É difícil fugir desse padrão de comportamento – por muito que se deseje ou tente – e, em certos meios sociais, é quase impossível. Tornou-se um paradigma que permite reconhecer os outros pelo seu poder aquisitivo, pelo seu status social, bem ao modo materialista do mundo moderno.

Mas, na verdade, trata-se de uma falsa questão, porque o dinheiro, as marcas, as roupas e os objetos, são insuficientes para revelar quem são as pessoas. O que as separa – realmente – é a discrição, a educação, a generosidade e a distinção. E estes traços dividem, ainda que grosseiramente, as pessoas em dois grupos: os deselegantes, que se esforçam por aparecer a qualquer preço, e os elegantes, que primam pela discrição.

Os primeiros, os deselegantes, expõem a sua privacidade, invadem a esfera pública com as suas emoções exageradas e sentem necessidade constante de mostrar as etiquetas das suas roupas. Gostam de contar o que têm e falar do que compraram ou vão comprar. Citam muitas marcas e, com frequência, comentam-nas com a pronúncia errada. Givenchy é difícil para eles. Moschino também. E muitos nem sequer sabem o que é Fendi.
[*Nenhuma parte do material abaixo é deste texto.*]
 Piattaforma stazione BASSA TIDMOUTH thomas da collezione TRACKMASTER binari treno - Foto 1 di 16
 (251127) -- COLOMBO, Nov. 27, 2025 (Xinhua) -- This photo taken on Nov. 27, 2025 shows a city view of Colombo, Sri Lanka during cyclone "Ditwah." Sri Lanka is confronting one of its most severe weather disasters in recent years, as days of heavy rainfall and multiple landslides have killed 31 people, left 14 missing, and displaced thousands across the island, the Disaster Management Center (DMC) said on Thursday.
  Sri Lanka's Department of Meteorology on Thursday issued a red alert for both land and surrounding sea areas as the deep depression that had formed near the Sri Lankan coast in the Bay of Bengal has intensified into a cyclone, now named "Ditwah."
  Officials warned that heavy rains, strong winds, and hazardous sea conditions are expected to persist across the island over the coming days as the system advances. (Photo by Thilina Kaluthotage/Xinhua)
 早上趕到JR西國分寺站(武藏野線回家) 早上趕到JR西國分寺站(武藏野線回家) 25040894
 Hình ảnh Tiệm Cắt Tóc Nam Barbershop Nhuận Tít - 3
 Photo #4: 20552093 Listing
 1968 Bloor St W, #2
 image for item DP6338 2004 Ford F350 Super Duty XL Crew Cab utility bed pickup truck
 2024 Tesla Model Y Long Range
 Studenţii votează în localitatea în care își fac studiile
Mas o pior de tudo é o hábito de maltratar os outros – o porteiro, a manicure, o motorista, o empregado da loja, o garçom, ou qualquer pessoa que os sirva ou trabalhe para eles. São mal educados, grosseiros: não dizem obrigado, por favor, bom dia ou com licença. Esquecem-se que a forma de falar de uma pessoa diz mais sobre ela do que o seu vestuário.
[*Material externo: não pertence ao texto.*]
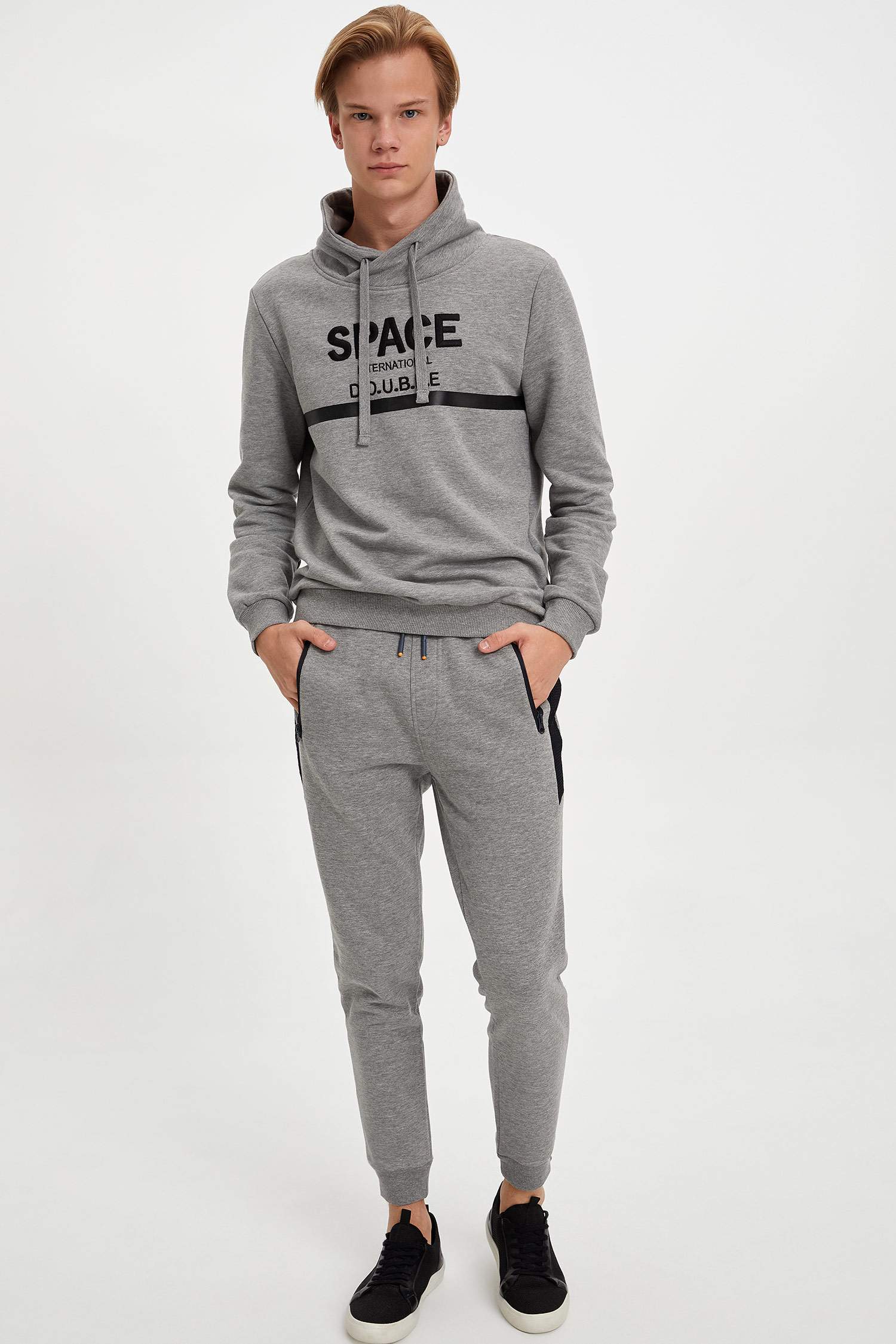 Defacto Slim Fit Jogger Pantolon. 2 Defacto Slim Fit Jogger Pantolon. 2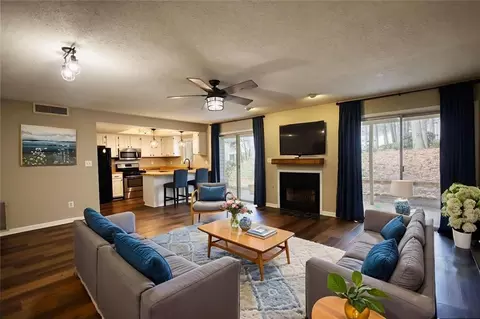 11 Doranne Ct SE, Smyrna, GA 30080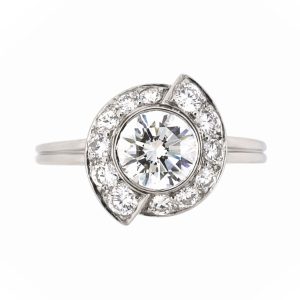 PLATINUM VINTAGE DIAMOND ENGAGEMENT RING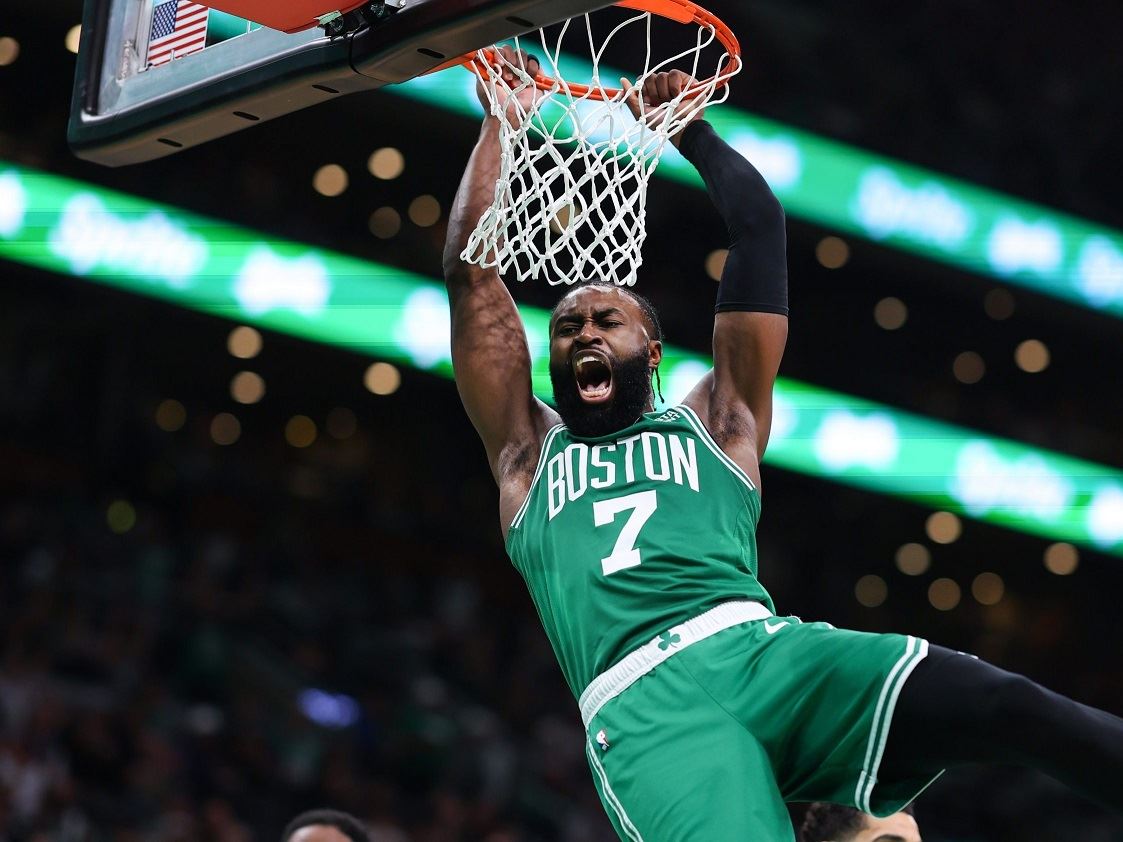 268068Image1 براون النجم الأعلى أجراً في تاريخ NBA… كم بلغت قيمة العقد؟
Já os elegantes, são diferentes: não expõem marcas, não falam das suas jóias ou dos seus bens, e acham sempre que menos é mais. A discrição é a sua palavra chave, e neles tudo é comedido, sereno, sem exageros.

Ser elegante é algo que tem a ver com atitudes: está muito além de ter dinheiro. É, fundamentalmente, ter educação. E o melhor traço dos elegantes é o respeito pelo outro: são generosos, sorriem, são suaves, não insultam e nem maltratam ninguém.
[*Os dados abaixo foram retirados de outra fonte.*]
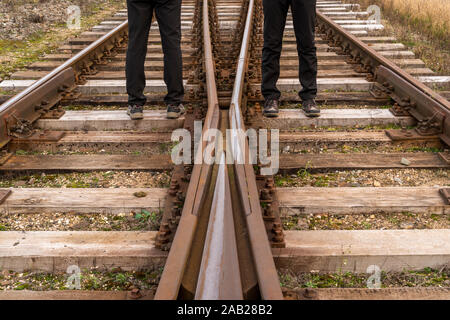 Zwei Eisenbahnunternehmen Scheideweg. Auswahl der richtigen Weg, die Entscheidung. Stockfoto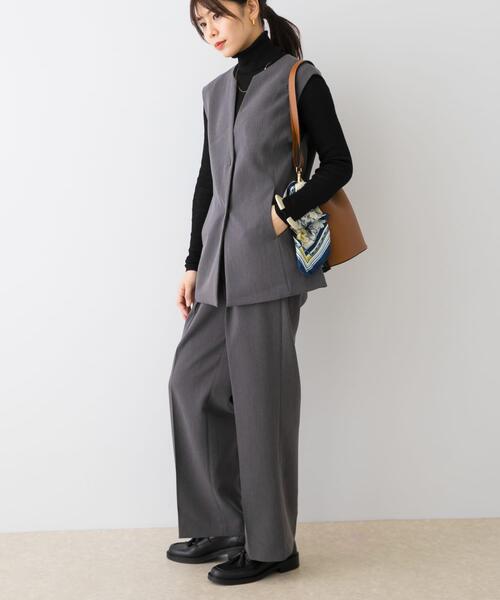 F by ROSSO(エフバイロッソ)の「F by ROSSO キーネックジレ+ワイドパンツ(セットアップ・レディース・グレー/ブラック・38/36)」の5枚目の写真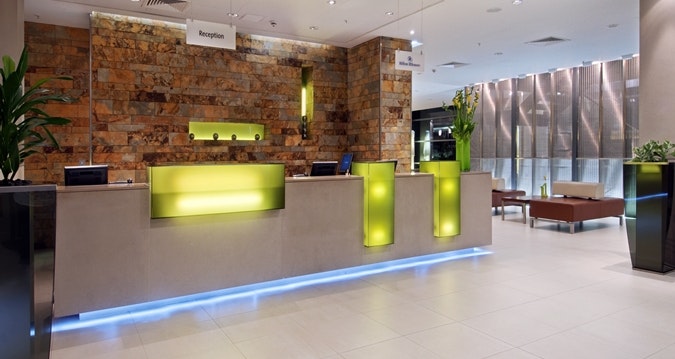 Hilton London Canary Wharf - Quayside suite image 5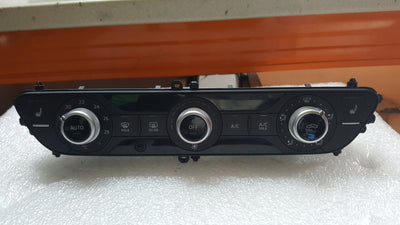Panel klimatyzacji AUDI A4 B9 A5 8W0820043Q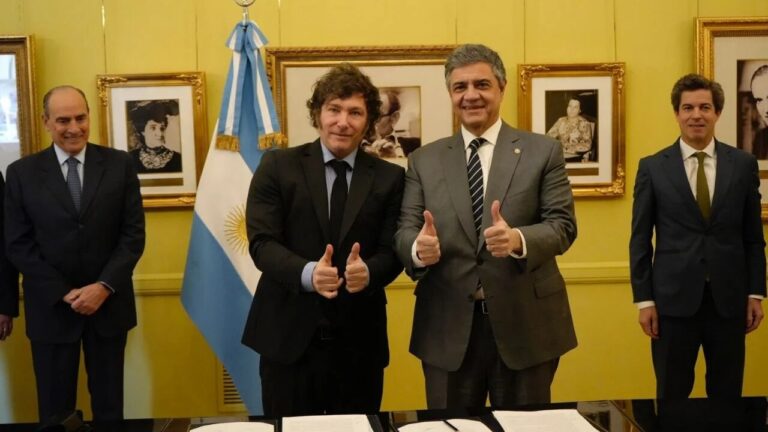 El Gobierno reconduce fondos para pagarle a la Ciudad la coparticipación, pero se los quita a las provincias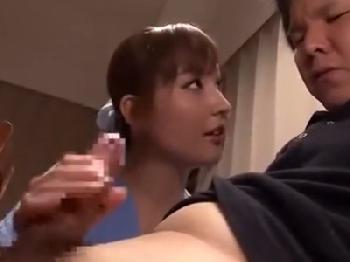 手コキからの騎乗位腰振りで見事にオメコに挿入したまま射精に誘導するボイン痴女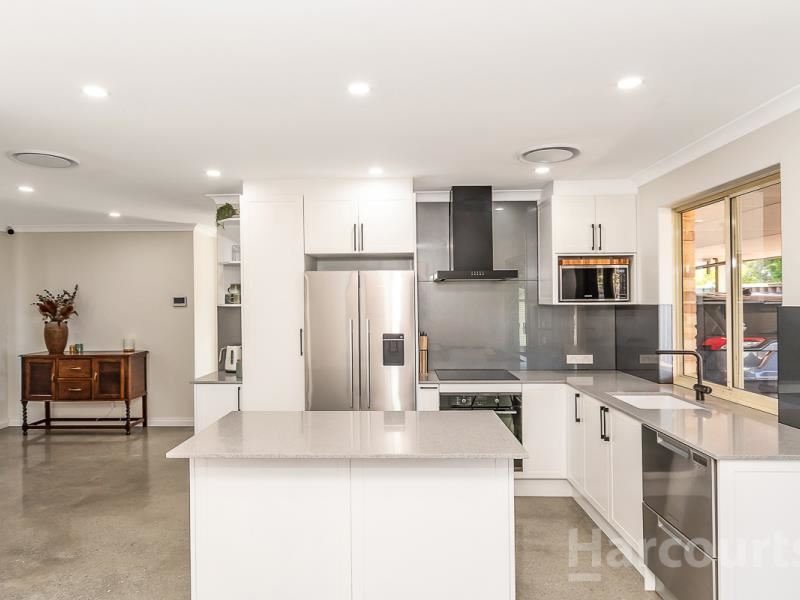 23 Redbank Rise, Clarkson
Alguém elegante não se imita – porque não basta ter, tem que ser. Ser educado, ser reservado, ser generoso, ser simples, ser distinto. E ser é algo difícil de conseguir: faz parte de um refinamento adquirido ao longo de anos, e que se entranha na pele, tornando-se tão natural quanto respirar. Ser é uma caraterística que pertence à alma e não ao dinheiro.

Atualmente as pessoas definem-se cada vez mais pelo dinheiro: há os que têm e os que não têm. Esta é uma forma simplista de classificar o mundo pelos padrões de consumo e riqueza. Simplista e, paradoxalmente, pobre.

O que nos define é a forma como tratamos os outros, porque isso diz tudo de nós. Não é o que temos, mas o que sai de nós que revela quem somos.